Arguments pertinents
1. Sur l’atteinte à la vie privée et familiale : La Cour a affirmé que la décision de transfert ne portait pas atteinte disproportionnée à son droit à la vie privée et familiale, stipulé à l'article 8 de la Convention européenne des droits de l'homme. Ils ont noté que M. C... et sa famille n'étaient en France que depuis moins de quatre mois et n'avaient pas établi de liens suffisamment forts avec le pays.
- Citation pertinente : "l'ensemble du foyer familial n'était présent sur le sol français que depuis moins de quatre mois [...] la décision en litige ne porte pas une atteinte disproportionnée à son droit au respect de sa vie privée et familiale."
2. Sur la discrétion des autorités : La Cour a souligné que selon l'article 17 du règlement (UE) n° 604/2013, la décision d'examiner une demande d'asile n'est pas un droit mais relève d'une faculté discrétionnaire des États membres. M. C... n'a pas démontré que le préfet du Rhône avait commis une erreur manifeste d'appréciation en décidant de le transférer en Suède.
- Citation pertinente : "la faculté [...] de décider d'examiner une demande de protection internationale [...] est discrétionnaire et ne constitue nullement un droit pour les demandeurs d'asile."
3. Sur la situation en Syrie : Bien que M. C... ait soulevé des préoccupations concernant son éventuel retour en Syrie, la Cour a précisé que le transfert vers la Suède ne signifiait pas un éloignement direct en Syrie, mais un examen de sa demande d'asile par les autorités suédoises. Cela implique qu'il aurait la possibilité de présenter toute information nouvelle concernant sa situation.
- Citation pertinente : "la décision de transfert a pour objet de le remettre aux autorités suédoises pour un nouvel examen de sa demande d'asile, non pas de l'éloigner à destination de la Syrie."
Interprétations et citations légales
1. Article 8 de la Convention européenne des droits de l'homme : Cet article protège le droit au respect de la vie privée et familiale.

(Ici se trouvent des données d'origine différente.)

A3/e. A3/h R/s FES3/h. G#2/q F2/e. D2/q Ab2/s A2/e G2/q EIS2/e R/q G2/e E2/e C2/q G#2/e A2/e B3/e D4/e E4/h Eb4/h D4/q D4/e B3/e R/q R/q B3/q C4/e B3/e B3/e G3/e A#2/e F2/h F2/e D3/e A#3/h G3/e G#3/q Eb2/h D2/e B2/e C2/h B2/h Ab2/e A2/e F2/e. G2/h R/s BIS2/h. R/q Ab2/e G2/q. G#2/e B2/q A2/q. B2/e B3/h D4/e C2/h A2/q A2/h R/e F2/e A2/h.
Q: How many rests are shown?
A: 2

Les juges ont précisé que toute ingérence dans ce droit doit être justifiée par un intérêt public légitime et être proportionnelle.

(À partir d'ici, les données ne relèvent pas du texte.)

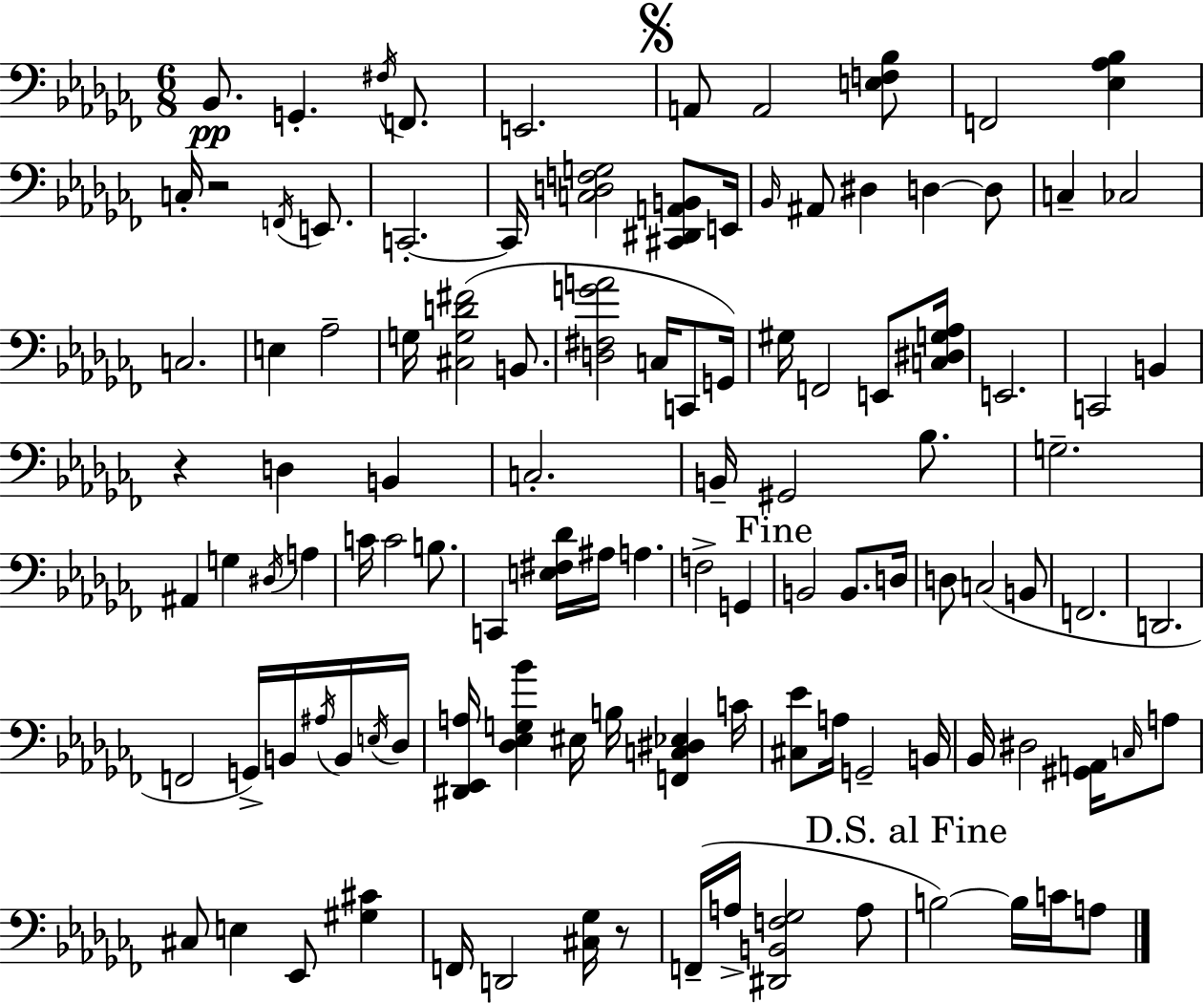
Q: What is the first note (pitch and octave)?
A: Bb2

- Citations : "Il ne peut y avoir ingérence d'une autorité publique dans l'exercice de ce droit que pour autant que cette ingérence est prévue par la loi."
2. Règlement (UE) n° 604/2013 : L’article 17 accorde aux États membres la possibilité discrétionnaire de traiter une demande d'asile même si elle ne leur incombe pas selon les critères établis.
- Citations : "[...] chaque État membre peut décider d'examiner une demande de protection internationale [...] même si cet examen ne lui incombe pas en vertu des critères fixés dans le présent règlement." Cela établit clairement le caractère non obligatoire et plutôt optionnel du traitement des demandes d'asile par un État.
3. Erreur manifeste d’appréciation : M. C... a dû prouver que la décision du préfet était manifestement erronée. La Cour a confirmé que le préfet n’avait pas commis une telle erreur en transférant M. C... vers la Suède en se basant sur les éléments du dossier.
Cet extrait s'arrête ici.